> **AIM OF THE EXERCISE**
Print the data verbatim. Leave every image out.

── TASK INPUT ──

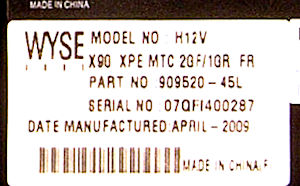 Wyse X90 label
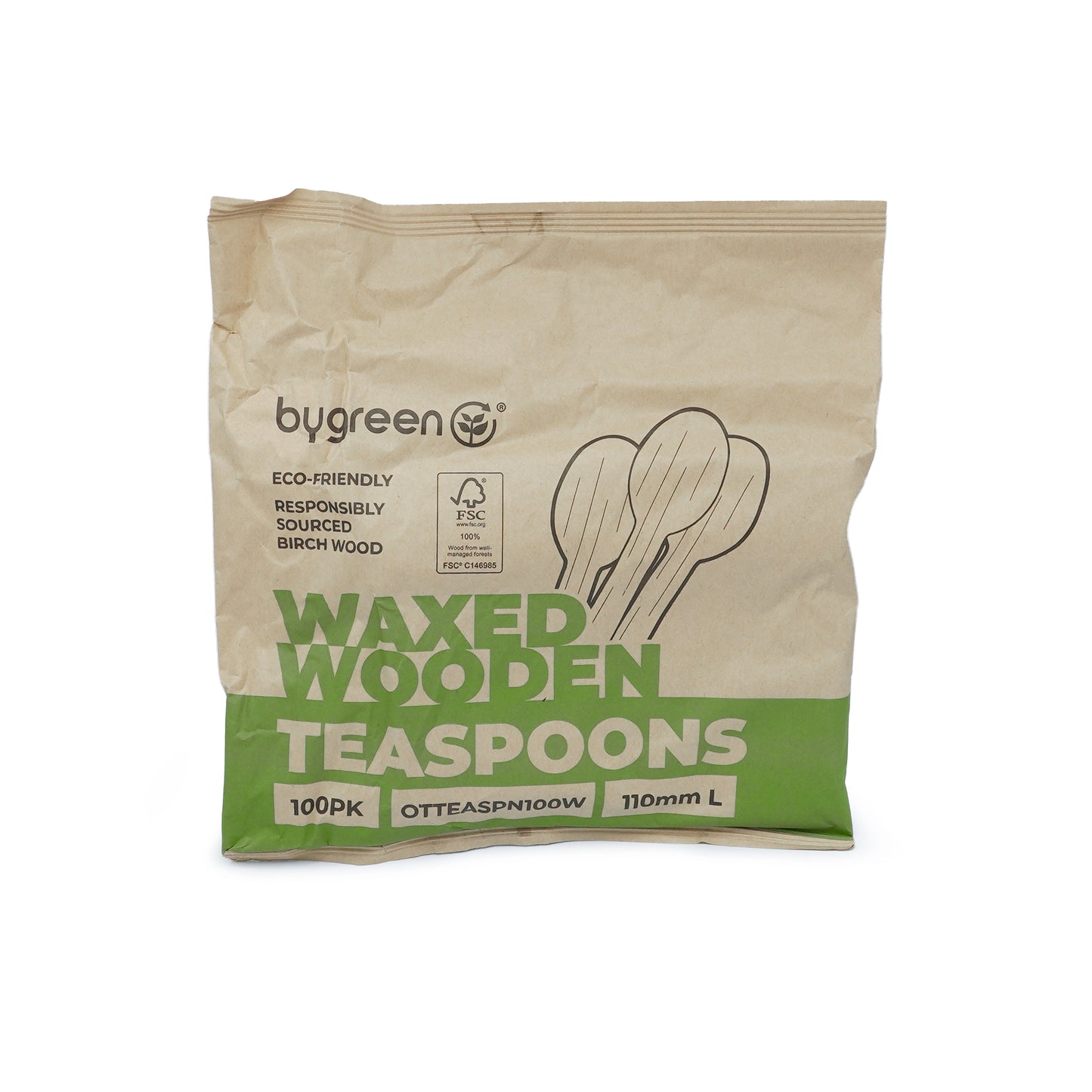 ONE TREE - WAXED WOODEN TEASPOON - BULK BOX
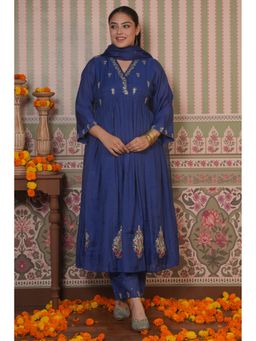 ARAMYA - Women Blue Silk Blend Embroidered Kurta with Pant and Dupatta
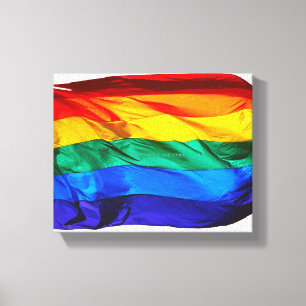 SlipperyJoe's gay pride vlag zwaaiend rood oranje Canvas Afdruk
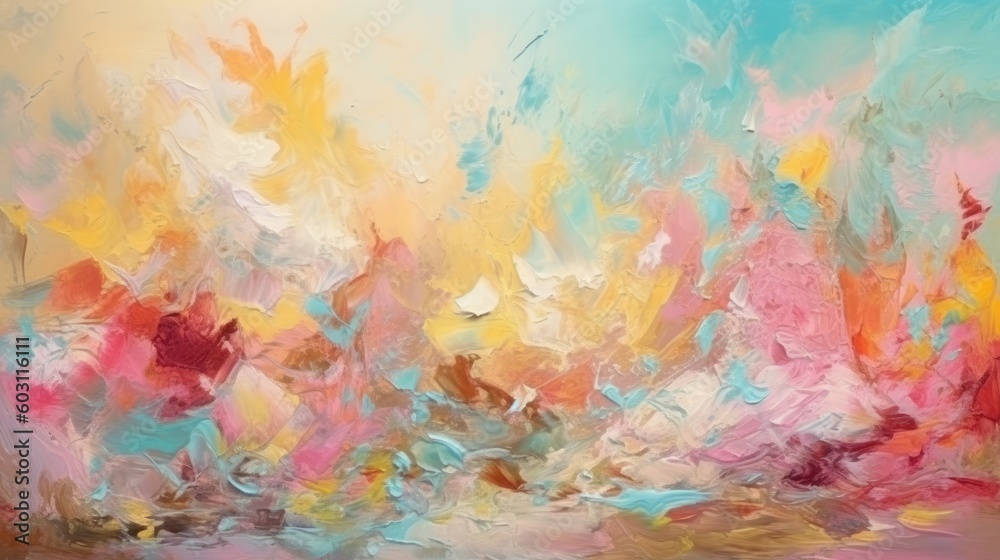 Fototapeta premium An oil paint texture with abstract pastel colors in the background. (Generative AI)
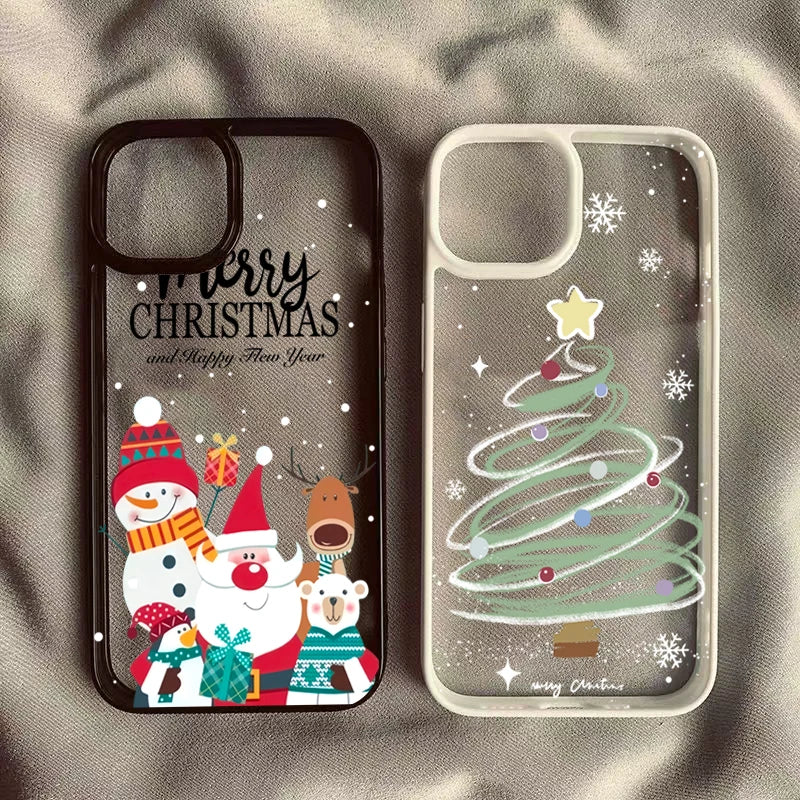 Christmas Tree Santa Claus Clear Phone Case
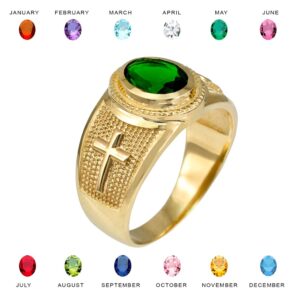 Religious Jewelry by LABLINGZ 10K Yellow Gold Christian Cross May Birthstone Green CZ Ring (11)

───

> **RESPONSE BELOW**
 Wyse X90 label
 ONE TREE - WAXED WOODEN TEASPOON - BULK BOX
 ARAMYA - Women Blue Silk Blend Embroidered Kurta with Pant and Dupatta
 SlipperyJoe's gay pride vlag zwaaiend rood oranje Canvas Afdruk
 Fototapeta premium An oil paint texture with abstract pastel colors in the background. (Generative AI)
 Christmas Tree Santa Claus Clear Phone Case
 Religious Jewelry by LABLINGZ 10K Yellow Gold Christian Cross May Birthstone Green CZ Ring (11)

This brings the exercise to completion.